Copy out the entries exactly, from the first line to the last.
Top of EXTRACTED ENTRIES
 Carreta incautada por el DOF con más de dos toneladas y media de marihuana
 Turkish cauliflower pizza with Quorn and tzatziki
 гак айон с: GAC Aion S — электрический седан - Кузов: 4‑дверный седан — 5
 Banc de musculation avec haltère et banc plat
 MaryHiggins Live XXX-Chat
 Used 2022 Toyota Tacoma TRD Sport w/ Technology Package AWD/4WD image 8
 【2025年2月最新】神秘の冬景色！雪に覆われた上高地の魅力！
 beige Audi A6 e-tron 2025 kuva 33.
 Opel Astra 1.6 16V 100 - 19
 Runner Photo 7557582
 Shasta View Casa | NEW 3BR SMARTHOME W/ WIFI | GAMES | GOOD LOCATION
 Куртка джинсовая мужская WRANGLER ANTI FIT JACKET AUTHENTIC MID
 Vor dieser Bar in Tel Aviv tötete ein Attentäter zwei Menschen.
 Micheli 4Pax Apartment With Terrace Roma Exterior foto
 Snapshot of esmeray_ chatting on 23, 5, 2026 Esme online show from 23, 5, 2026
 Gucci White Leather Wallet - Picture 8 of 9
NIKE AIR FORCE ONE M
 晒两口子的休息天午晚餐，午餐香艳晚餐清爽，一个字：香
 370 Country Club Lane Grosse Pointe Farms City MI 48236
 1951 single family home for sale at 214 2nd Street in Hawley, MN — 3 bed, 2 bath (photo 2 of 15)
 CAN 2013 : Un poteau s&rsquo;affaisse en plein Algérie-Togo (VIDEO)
Bottom of EXTRACTED ENTRIES
YOUR RESPONSE
 Carreta incautada por el DOF con más de dos toneladas y media de marihuana
 Turkish cauliflower pizza with Quorn and tzatziki
 гак айон с: GAC Aion S — электрический седан - Кузов: 4‑дверный седан — 5
 Banc de musculation avec haltère et banc plat
 MaryHiggins Live XXX-Chat
 Used 2022 Toyota Tacoma TRD Sport w/ Technology Package AWD/4WD image 8
 【2025年2月最新】神秘の冬景色！雪に覆われた上高地の魅力！
 beige Audi A6 e-tron 2025 kuva 33.
 Opel Astra 1.6 16V 100 - 19
 Runner Photo 7557582
 Shasta View Casa | NEW 3BR SMARTHOME W/ WIFI | GAMES | GOOD LOCATION
 Куртка джинсовая мужская WRANGLER ANTI FIT JACKET AUTHENTIC MID
 Vor dieser Bar in Tel Aviv tötete ein Attentäter zwei Menschen.
 Micheli 4Pax Apartment With Terrace Roma Exterior foto
 Snapshot of esmeray_ chatting on 23, 5, 2026 Esme online show from 23, 5, 2026
 Gucci White Leather Wallet - Picture 8 of 9
NIKE AIR FORCE ONE M
 晒两口子的休息天午晚餐，午餐香艳晚餐清爽，一个字：香
 370 Country Club Lane Grosse Pointe Farms City MI 48236
 1951 single family home for sale at 214 2nd Street in Hawley, MN — 3 bed, 2 bath (photo 2 of 15)
 CAN 2013 : Un poteau s&rsquo;affaisse en plein Algérie-Togo (VIDEO)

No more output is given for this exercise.